**Exercise brief**
How many lines in the entries below include the string "image"? Answer with the number only.

Saved entries
───
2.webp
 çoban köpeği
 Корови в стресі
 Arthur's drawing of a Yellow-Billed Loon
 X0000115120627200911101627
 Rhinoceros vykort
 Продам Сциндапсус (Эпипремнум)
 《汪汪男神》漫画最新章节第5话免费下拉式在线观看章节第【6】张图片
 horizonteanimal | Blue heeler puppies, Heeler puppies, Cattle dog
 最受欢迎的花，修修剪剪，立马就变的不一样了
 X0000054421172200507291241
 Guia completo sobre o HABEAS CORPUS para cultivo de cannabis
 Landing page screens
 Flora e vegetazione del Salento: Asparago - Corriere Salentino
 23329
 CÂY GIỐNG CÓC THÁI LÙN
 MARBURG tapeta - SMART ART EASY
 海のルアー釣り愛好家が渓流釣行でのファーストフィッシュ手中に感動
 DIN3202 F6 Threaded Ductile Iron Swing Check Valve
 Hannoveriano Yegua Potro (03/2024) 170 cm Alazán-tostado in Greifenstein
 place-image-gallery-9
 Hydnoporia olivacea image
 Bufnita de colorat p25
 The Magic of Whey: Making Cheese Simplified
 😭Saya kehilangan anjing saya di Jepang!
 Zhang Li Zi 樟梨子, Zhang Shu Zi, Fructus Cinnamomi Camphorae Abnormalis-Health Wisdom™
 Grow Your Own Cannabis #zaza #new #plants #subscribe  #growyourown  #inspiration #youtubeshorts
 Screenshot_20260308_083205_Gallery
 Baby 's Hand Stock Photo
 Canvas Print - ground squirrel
───
**Output of the task**
2